The community member is enjoying using llama-index for their project and has successfully deployed it as a chatbot. They are now looking to experiment and improve the model's responses to various questions, and potentially reduce the cost, which is currently around 7 cents per query, which they find too expensive to run publicly. The community member is asking if anyone has experience with iterating through different parameterizations to improve model performance or reduce cost, as they are working with a substantial custom corpus (25MB) of somewhat high complexity.
In the comments, another community member suggests that the original poster should take a look at the query optimizer, providing a link to the relevant documentation. The original poster responds that they find this interesting and will take a look.

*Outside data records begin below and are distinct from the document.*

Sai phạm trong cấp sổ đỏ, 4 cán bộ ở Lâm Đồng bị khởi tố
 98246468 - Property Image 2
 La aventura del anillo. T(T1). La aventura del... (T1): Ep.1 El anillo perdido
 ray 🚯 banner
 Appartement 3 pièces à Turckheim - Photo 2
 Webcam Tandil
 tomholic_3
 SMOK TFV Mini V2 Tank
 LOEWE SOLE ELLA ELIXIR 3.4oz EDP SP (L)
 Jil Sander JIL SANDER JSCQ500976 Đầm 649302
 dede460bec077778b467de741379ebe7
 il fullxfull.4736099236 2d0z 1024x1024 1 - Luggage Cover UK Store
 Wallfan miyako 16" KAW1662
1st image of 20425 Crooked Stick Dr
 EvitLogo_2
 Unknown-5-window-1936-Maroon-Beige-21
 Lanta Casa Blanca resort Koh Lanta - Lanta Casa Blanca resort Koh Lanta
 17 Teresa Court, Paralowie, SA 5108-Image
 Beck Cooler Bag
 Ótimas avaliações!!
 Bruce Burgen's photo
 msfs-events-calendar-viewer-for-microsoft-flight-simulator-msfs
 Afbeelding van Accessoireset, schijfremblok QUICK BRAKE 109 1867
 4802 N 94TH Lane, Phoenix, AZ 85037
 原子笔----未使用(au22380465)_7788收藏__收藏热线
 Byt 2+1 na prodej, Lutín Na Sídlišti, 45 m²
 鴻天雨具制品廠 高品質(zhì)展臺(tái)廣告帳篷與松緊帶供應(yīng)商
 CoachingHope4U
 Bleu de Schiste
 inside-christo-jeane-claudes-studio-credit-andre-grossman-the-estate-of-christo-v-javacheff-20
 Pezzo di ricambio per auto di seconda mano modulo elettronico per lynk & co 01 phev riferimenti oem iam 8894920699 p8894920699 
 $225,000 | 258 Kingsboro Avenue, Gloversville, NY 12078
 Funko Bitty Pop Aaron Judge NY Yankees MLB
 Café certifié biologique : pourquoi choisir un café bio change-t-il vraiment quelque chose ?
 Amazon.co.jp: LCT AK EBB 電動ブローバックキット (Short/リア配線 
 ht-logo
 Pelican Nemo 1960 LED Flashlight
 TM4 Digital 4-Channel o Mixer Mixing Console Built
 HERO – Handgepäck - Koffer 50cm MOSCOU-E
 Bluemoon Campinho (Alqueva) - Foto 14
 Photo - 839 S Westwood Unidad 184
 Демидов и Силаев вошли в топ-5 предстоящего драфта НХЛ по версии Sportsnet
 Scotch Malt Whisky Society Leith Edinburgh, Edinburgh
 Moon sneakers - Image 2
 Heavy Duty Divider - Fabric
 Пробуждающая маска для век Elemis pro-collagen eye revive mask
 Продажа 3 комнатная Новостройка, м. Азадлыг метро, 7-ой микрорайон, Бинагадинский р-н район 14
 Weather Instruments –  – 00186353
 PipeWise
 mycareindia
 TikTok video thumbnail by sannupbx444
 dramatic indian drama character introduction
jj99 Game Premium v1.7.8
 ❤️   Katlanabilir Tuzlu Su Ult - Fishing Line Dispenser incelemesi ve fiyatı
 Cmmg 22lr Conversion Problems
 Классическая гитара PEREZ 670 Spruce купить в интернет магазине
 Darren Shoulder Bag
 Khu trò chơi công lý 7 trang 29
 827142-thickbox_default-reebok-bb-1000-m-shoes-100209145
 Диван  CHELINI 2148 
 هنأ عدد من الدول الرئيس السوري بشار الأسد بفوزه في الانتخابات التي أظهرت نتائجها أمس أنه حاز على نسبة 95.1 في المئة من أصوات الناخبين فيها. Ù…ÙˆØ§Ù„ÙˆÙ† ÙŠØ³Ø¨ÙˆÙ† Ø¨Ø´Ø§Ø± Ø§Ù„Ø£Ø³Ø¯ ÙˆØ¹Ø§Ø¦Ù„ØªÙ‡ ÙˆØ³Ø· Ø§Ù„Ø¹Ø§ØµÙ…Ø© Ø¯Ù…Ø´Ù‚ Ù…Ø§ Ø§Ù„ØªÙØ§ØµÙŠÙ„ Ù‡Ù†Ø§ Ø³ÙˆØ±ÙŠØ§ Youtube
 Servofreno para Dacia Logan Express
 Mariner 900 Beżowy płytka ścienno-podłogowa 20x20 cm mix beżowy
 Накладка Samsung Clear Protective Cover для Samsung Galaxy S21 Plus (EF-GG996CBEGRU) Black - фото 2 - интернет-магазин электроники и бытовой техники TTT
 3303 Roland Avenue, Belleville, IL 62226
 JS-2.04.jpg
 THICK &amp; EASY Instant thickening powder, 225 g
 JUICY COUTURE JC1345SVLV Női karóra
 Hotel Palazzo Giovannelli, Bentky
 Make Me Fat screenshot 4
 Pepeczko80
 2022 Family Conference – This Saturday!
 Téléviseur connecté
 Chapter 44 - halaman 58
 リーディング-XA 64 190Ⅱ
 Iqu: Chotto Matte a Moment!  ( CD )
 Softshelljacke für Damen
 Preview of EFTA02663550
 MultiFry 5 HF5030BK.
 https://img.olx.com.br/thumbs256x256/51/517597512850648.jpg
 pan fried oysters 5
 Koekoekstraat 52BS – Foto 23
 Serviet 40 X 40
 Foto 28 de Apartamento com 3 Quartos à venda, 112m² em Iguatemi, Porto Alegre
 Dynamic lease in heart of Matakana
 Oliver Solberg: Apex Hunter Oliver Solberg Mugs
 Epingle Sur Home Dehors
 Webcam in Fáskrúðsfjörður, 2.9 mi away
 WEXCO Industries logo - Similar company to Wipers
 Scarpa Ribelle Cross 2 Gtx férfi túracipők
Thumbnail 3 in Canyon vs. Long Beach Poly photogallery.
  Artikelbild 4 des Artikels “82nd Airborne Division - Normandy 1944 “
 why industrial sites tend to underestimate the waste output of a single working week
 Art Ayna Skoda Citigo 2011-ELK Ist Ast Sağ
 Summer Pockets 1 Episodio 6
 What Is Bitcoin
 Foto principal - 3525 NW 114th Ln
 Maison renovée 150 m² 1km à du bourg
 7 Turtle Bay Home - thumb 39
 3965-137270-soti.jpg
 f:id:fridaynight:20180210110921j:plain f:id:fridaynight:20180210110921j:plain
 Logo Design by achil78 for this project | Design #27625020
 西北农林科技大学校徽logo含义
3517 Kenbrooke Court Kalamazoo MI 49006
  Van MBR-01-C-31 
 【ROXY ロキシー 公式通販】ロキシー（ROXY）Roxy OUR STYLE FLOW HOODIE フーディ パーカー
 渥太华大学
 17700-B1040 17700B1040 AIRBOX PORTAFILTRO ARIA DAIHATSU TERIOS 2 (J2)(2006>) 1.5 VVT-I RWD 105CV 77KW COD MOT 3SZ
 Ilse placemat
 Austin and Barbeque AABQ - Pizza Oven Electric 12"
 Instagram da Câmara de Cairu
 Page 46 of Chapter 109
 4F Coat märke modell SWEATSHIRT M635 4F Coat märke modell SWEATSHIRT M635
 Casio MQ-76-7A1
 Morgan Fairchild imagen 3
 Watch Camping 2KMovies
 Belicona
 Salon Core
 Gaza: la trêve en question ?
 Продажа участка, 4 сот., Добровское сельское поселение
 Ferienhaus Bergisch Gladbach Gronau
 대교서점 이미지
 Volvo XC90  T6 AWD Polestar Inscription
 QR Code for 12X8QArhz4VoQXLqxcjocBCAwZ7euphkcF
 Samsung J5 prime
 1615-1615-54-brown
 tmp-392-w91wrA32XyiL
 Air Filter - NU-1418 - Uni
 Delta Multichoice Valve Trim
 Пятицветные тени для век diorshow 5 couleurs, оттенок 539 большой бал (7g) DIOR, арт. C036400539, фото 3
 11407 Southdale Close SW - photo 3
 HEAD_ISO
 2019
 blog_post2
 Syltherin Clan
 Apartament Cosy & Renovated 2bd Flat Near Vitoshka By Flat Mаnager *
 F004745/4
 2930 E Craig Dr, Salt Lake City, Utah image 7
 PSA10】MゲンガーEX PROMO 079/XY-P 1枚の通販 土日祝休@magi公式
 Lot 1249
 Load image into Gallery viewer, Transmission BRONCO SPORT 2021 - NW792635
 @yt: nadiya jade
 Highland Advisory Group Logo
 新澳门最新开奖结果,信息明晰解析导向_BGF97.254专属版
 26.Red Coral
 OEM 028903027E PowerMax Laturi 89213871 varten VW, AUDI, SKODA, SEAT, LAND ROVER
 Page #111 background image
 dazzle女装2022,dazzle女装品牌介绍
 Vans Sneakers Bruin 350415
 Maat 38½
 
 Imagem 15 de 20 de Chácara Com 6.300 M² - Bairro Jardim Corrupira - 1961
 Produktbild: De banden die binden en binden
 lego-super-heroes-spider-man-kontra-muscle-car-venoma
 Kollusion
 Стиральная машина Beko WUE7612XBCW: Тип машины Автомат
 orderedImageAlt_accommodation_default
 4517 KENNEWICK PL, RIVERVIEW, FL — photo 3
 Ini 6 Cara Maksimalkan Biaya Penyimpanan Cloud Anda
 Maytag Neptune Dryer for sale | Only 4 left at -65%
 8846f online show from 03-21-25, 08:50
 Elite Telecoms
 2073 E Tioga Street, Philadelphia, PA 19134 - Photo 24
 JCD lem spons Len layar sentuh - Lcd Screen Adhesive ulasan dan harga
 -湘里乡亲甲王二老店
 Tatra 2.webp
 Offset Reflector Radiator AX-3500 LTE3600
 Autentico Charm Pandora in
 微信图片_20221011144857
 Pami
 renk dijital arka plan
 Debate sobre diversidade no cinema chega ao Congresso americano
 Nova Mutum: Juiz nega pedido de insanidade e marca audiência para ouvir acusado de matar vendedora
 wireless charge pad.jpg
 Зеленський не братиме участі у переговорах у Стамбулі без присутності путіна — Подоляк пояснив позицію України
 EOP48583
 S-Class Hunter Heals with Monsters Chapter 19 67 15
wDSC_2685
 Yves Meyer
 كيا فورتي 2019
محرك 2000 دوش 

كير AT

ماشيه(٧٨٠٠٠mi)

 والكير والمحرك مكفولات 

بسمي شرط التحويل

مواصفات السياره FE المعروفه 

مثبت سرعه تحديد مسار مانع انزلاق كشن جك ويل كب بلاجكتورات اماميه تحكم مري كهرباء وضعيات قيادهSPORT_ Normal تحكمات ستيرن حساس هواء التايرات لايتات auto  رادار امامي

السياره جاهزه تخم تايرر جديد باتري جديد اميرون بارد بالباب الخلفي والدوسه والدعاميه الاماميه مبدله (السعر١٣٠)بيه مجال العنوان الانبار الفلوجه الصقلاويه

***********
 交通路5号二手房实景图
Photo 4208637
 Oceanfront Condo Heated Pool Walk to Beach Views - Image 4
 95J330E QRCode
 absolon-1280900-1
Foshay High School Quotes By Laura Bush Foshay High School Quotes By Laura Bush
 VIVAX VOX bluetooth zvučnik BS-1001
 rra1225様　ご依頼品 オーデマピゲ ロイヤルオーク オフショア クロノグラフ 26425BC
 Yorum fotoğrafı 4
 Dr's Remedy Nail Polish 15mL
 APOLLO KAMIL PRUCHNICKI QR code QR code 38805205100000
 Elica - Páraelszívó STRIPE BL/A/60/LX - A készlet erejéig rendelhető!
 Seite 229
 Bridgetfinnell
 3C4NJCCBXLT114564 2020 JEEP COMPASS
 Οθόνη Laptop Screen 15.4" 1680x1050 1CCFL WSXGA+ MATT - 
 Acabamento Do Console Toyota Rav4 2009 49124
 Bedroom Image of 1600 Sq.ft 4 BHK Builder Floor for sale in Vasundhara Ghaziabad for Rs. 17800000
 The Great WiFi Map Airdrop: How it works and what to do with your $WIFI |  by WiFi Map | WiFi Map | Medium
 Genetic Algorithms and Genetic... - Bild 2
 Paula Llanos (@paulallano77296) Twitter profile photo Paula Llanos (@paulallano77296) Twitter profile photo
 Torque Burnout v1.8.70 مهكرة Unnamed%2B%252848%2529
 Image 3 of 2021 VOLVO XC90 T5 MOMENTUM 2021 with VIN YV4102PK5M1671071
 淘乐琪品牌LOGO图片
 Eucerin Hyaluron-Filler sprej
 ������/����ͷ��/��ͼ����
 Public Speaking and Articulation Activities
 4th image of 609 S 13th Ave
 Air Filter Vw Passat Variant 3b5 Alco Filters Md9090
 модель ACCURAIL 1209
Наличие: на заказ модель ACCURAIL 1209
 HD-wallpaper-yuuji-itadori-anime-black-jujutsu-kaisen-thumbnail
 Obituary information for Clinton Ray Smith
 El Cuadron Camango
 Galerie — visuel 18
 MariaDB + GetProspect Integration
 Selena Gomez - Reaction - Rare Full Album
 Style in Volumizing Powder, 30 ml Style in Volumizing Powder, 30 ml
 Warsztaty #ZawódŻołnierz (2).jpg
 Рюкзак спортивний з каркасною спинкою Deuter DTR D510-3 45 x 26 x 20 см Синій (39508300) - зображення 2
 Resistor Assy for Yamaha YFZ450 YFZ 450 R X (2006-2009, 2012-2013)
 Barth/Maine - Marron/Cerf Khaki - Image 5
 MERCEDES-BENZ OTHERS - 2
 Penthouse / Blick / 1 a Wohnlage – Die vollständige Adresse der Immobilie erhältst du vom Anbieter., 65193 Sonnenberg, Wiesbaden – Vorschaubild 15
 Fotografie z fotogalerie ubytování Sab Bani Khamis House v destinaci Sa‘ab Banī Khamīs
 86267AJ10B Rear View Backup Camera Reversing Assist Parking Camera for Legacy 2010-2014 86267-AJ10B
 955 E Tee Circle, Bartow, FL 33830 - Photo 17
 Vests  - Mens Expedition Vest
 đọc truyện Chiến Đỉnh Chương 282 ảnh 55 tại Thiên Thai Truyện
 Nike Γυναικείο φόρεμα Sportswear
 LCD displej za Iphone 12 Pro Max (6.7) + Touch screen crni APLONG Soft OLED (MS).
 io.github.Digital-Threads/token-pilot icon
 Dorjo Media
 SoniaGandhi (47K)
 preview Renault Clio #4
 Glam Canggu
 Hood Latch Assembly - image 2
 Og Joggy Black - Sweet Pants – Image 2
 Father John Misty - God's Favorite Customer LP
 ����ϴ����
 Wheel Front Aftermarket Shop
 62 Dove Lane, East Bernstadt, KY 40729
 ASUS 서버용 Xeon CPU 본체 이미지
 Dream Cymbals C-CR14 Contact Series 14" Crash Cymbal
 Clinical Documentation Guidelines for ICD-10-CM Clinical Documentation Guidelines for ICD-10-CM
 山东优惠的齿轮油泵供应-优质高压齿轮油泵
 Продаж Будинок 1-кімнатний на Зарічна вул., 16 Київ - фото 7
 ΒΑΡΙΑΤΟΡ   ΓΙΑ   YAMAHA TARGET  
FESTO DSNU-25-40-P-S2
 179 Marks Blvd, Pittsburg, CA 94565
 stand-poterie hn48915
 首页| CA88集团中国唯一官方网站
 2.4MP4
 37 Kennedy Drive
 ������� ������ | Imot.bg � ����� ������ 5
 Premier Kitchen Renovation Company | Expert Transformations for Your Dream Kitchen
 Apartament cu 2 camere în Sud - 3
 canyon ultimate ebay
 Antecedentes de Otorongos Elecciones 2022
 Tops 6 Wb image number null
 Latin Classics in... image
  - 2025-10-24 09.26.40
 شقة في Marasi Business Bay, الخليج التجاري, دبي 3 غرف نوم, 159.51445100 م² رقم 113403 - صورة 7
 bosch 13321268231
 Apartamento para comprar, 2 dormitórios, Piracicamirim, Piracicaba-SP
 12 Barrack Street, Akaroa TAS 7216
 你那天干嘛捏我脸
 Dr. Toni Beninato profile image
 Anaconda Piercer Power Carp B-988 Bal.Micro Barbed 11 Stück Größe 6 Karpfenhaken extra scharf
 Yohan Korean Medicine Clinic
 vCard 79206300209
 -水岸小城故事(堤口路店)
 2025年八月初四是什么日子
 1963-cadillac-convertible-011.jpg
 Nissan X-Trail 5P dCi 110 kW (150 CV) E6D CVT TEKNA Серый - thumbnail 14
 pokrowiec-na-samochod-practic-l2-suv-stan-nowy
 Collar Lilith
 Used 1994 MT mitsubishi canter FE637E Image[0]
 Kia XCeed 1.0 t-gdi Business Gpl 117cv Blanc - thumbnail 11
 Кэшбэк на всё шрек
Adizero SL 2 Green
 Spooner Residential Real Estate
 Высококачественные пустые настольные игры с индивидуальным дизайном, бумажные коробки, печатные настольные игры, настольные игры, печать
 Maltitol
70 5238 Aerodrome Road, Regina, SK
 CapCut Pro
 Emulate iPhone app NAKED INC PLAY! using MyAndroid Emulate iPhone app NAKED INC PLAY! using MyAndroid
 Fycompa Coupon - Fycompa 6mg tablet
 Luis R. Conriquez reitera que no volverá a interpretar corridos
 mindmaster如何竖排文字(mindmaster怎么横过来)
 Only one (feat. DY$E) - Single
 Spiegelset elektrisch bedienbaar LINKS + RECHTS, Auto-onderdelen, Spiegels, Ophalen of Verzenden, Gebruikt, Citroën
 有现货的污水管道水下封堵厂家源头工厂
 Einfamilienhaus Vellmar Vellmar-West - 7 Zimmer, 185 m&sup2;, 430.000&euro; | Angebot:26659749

Another comment asks if they are adding another conversation with OpenAI to request a cut in the answer cost, but the original poster responds with "Sorry?", indicating they do not understand the comment.
There is no explicitly marked answer in the comments.
Hey -- I'm enjoying using llama-index very much for my project, and have it successfully deployed backing a chatbot. Now, I'm hoping to experiment and improve the model's responses to various questions, and if possible reduce the cost, as it's about 7c a query at the moment, which is too expensive for me to run publicly. Does anyone have experience with iterating through different parameterizations to improve model performance or reduce cost? I'm working with a substantial custom corpus (25MB) of somewhat high complexity.